When I returned to school for the second semester, I did “find a boyfriend,” or I at least found a guy who wanted to be my boyfriend and I let him. Despite keeping him at arm’s length, he eventually wanted sex and I gave in. I remember all those times I stared at the ceiling and disassociated while he chugged away in missionary position, not touching him but allowing him to touch me. I went on birth control, he wore a condom. But one night, after a Fourth of July party, we were both tipsy and the condom somehow came off in the middle of missionary (he later admitted to pulling it off in the darkness). I was surprised and horrified as I felt him cum in me (I still remember this feeling). The next morning, July 5, I asked him to help me pay for the Morning After Pill as I had been slightly forgetful with my birth control. “I don’t know,” he told me. “Seems like your fault for forgetting your birth control and that stuff is expensive.” I didn’t press the issue further. I ate breakfast and planned to stop at the drugstore that was on the walk home to my apartment.

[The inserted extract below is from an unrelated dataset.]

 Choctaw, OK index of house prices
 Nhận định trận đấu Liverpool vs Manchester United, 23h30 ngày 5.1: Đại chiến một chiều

On July 5, 2014 in Florida, the Morning After Pill cost $60 at Walgreens. It was in a tiny purple box locked in a clear case on a shelf in the Family Planning aisle, and I had to ring a bell and avoid eye contact with the pharmacist who took forever to find his key, unlock the case, and slip the purple box into a clunky anti-theft container I had to carry to the register for the cashier to unlock. “Now you can’t steal it,” he said to me, staring at my pixie cut and hoodie. At the register I overdrafted my bank account (a $35 charge) as I paid for the tiny purple box and a bottle of orange juice. I wished my boyfriend would help me pay for it. I read the instructions and swallowed the pill. I waited for my next paycheck and my next period.
To this day, I am grateful for that tiny pill that cost me $95 in total. I swallowed that pill with no physical side effects, but like Neo in the Matrix, the veil was lifted on my life. I broke up with the boyfriend after my period came, and I came out of the closet in the same month. I told my family I was a dyke and my mother and I did not speak for a year and half. Conversations with my father were awkward and tense. I gave up on pleasing people when I visited home. My family and I have gotten through our differences and our relationship has only gotten stronger. Even if they can’t say the word “girlfriend,” “partner,” or “lesbian,” we’re getting there. Swallowing the MAP allowed me to finish my education, and swallowing a metaphorical pill forced me to live my life openly and honestly. It empowered me. I am now a happy, gainfully employed, openly queer adult in Madison, WI. My story ended well, but not everyone’s does.
As the rights of people with uteruses and queer folks are stripped away, I fear that contraception will be made illegal or made inaccessible to people who need it the most. The white daughters, wives, and mistresses of conservative politicians will always be able to get the services they need. They can find the best doctors, they can buy drugs, they go on mysterious errands and vacations—there are always options for people with that level of privilege. There are and possibly will be less options for college students, for poor people, for queer people, for people of color, and for anyone who fits into one or more of those categories. Do those people deserve less options? Did I not deserve that $95 pill that possibly saved my education, my life when my ex-boyfriend betrayed me? In the eyes of the conservative judges on our Supreme Court, apparently not.